Dass Klatschreporter Ferry Hasselmann überall herumschnüffelt und in den Medien Halbwahrheiten verbreitet, trägt zusätzlich zur Verwirrung bei. Die Polizisten haben zudem noch private Probleme und sind nicht immer so ganz bei der Sache. Maigerle hadert mit dem Schichtdienst, Ernst leidet unter den Nachwirkungen eines Falls, bei dem mit knapper Not einem Bombenattentat entgangen ist und bekommt seine komplizierten Frauengeschichten nicht in den Griff. Schneider sorgt sich um ihn und auch um Kollegin Forberger, die derzeit etwas durch den Wind ist.

Sorgen bereitet ihm auch der Fall Harlander. Da scheint jede Spur in einer Sackgasse zu enden. Erst als ein Hausmeister im Industriegebiet Stadtheide eine ungewöhnliche Beobachtung macht, kommt Bewegung in die Sache …

ENDLICH FREI ist der siebte Band der Reihe um die Kommissare Klaus Schneider und Rainer Ernst. Das merkt man. Für Quereinsteiger ist dieser Band nur bedingt geeignet, denn im Lauf der Jahre haben sich natürlich eine Menge Figuren angesammelt, vor allem auf Ermittlerseite. Alle haben ihre Geschichte und Familie haben sie auch. Da kommt man als Neuling nicht immer mit. Das Lektorat ist bei dieser Personalfülle wohl auch an seine Grenzen gestoßen. Wie heißt der Elektriker? Bernd Stein (Seite 189) oder Werner Stein (Seite 225 ff.?)

Herrlich sind Nebenfiguren wie Rosalinde Schumm. Sie ist der Inbegriff einer naseweisen Nachbarin, die es in dieser unverblümten Neugier nur im Schwabenland zu geben scheint. Klasse ist auch die Motocross-begeisterte Männerwirtschaft der Familie Schwab, vor allem der knitze Urgroßvater. Die tagikomischen Harlander-Ex-Freundinnen haben etwas Berührendes. Irgendwie sind’s arme Socken. Arianas angeheiratete Roma-Sippe gewährt uns Einblicke in ihren Alltag, führt uns aber auch ordentlich in die Irre. (Okay … der Autor macht das.) Der Leser denkt in eine bestimmte Richtung, der Autor in eine andere. Die Auflösung des Falles ist dann raffiniert – und tragisch. Auf Motiv und Vorgehensweise wäre man nicht ohne weiteres gekommen.

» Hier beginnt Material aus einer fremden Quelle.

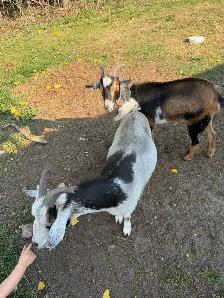 Goats for sale - Photo 4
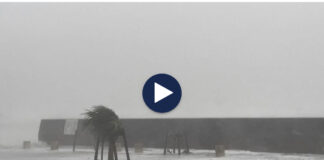 Tajfun shkatërrimtar në Japoni! Bllokohen turistët, dëmtohen rëndë linjat energjetike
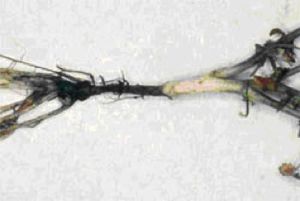 uploads/images/disease/Collar rot of Chick pea.jpg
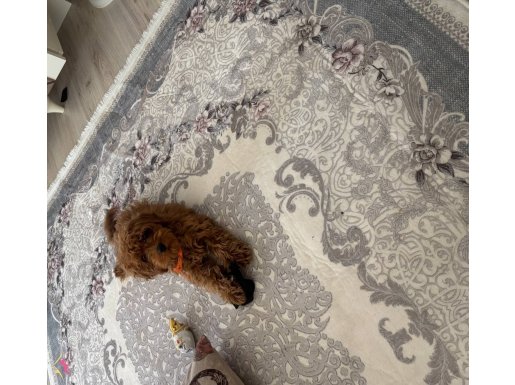 Acil satılık toy poodle çok uyguna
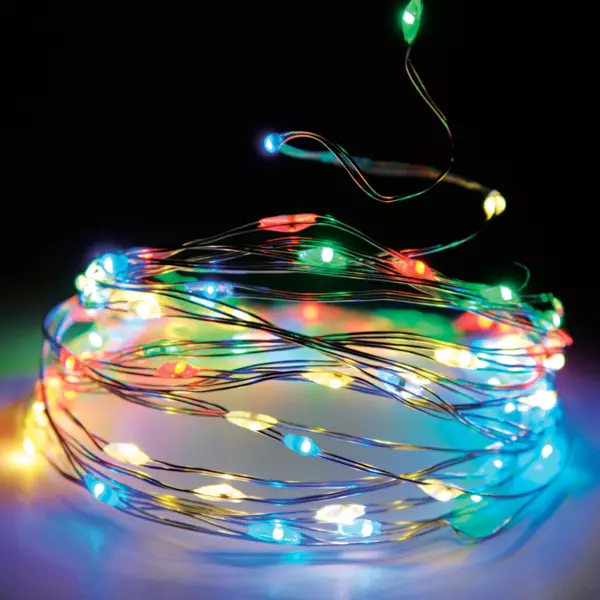 Guirlande lumineuse à piles 5 m 100 Micro LED Fil d'argent Multicolore
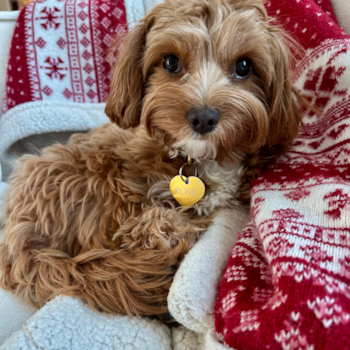 Happy Cavapoo Pup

Klaus Schneider und Rainer Ernst, die beiden Kommissare, erinnern in manchen Szenen ein bisschen an Loriots „Herren im Bad“: Herr Müller-Lüdenscheidt und Dr. Klöbner. Da ermitteln sie seit 7 Jahren zusammen, haben in der Zeit Gott-weiß-wie-viele Gefahren gemeinsam durchgestanden und sind immer noch per Sie? Ihre (Ex-)Frauen besprechen die vertraulichsten Dinge miteinander, in der Kollegenschaft duzen sich Hinz und Kunz – doch die beiden Herren bleiben auf Distanz. Sie werden wohl ihre Gründe haben.

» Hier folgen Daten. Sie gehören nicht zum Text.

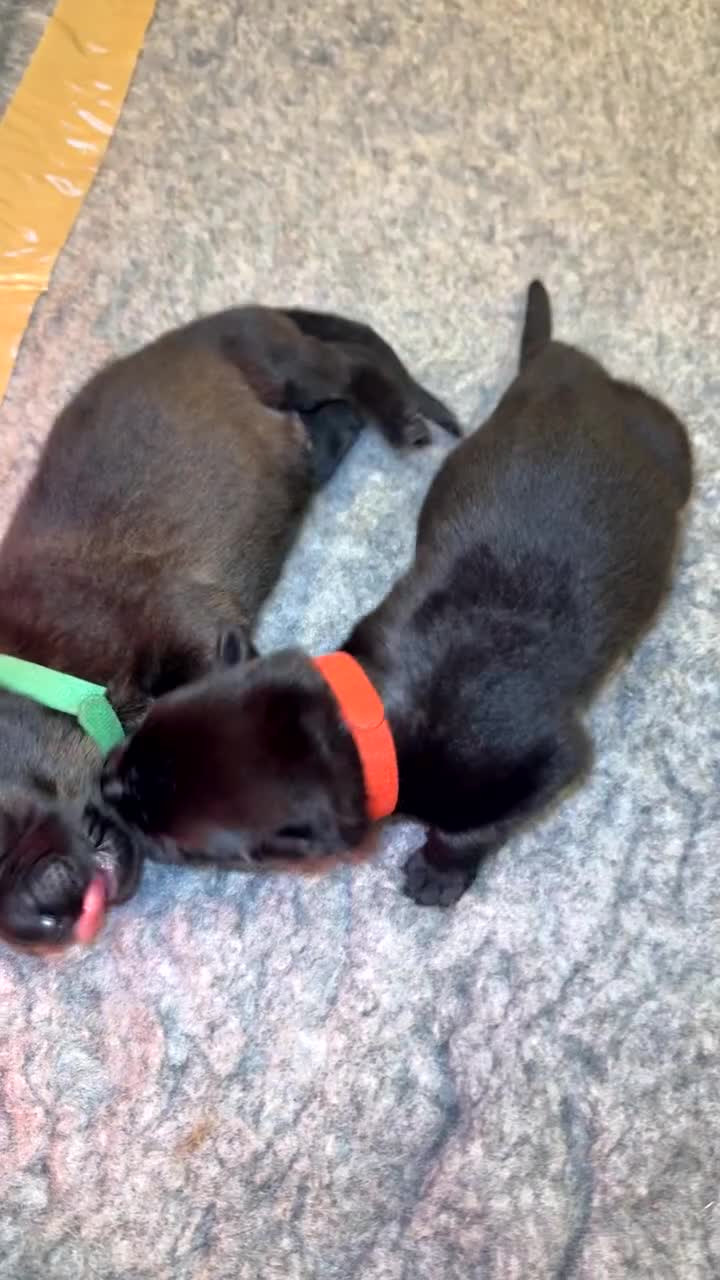 German Shepherd dogs for sale: Pedigree, Czech Line, Straight Back - Video 2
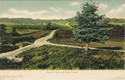 1392  -  Road to Beaulieu, New Forest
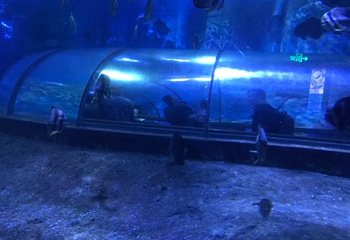 厦门鼓浪屿海底世界第 60 张图片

Schwäbisch sollte man als Leser schon verstehen, sonst entgehen einem die Feinheiten. Ein paar Nebenfiguren sprechen doch einen deftigen Dialekt. Und sich in der Umgebung von Gaildorf wenigstens der Spur nach auszukennen, ist auch kein Fehler, weil einen sonst die Fülle der Ortsangaben erschlägt. Zum Teil ist es schon von Bedeutung, wo die Leute sich aufhalten und wo sie hinfahren. Für Leserinnen und Leser aus der Region ist dieser Krimi natürlich ein besonders Vergnügen, weil sie sie die Orte der Handlung vor Augen haben. Und wenn sie schon Bände der Reihe gelesen haben, dann wissen sie auch die Anspielungen auf vergangene Fälle und private Ereignisse aus dem Leben der Ermittler richtig einzuordnen. Neue Leser können beim Fall miträtseln, doch auf persönlicher Ebene geht vieles an ihnen vorbei.

Der Autor
Jürgen Seibold, 1960 in Stuttgart geboren, war Redakteur der Esslinger Zeitung, arbeitete als freier Journalist für Tageszeitungen, Zeitschriften und Radiostationen und veröffentlichte 1989 seine erste Musikerbiografie. Es folgten weitere Sachbücher für verschiedene Verlage (Heyne, Moewig, Knaur) mit einer verkauften Gesamtauflage von rund 1,2 Millionen Exemplaren. 2007 erschien bei Silberburg sein erster Regionalkrimi, 2010 die erste Komödie. Außerdem schreibt er Thriller und Jugendbücher. Jürgen Seibold lebt mit Frau und Kindern im Rems-Murr-Kreis und macht Musik – wenn er mal Zeit dafür findet.